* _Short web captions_
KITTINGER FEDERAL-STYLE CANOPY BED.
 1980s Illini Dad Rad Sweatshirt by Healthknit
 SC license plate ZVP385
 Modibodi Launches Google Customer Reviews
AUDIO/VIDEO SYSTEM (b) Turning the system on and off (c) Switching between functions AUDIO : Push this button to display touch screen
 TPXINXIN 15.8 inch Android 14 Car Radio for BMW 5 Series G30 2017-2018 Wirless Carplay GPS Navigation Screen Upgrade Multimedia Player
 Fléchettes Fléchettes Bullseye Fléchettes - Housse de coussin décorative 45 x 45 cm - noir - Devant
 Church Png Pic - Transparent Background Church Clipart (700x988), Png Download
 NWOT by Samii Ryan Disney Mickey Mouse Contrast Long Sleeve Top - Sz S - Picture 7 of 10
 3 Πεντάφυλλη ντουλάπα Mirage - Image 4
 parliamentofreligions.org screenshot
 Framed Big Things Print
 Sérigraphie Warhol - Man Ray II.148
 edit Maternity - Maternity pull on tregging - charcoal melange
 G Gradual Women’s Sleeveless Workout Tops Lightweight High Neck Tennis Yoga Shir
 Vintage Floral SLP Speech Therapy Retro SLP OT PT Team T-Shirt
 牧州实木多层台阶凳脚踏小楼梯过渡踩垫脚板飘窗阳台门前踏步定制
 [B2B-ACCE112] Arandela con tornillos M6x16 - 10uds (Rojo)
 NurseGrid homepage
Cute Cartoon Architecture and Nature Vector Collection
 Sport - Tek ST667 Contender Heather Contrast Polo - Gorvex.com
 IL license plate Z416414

* _What is needed_
Write down only how many lines of the entries above include the word "plate".

* _Output below_
2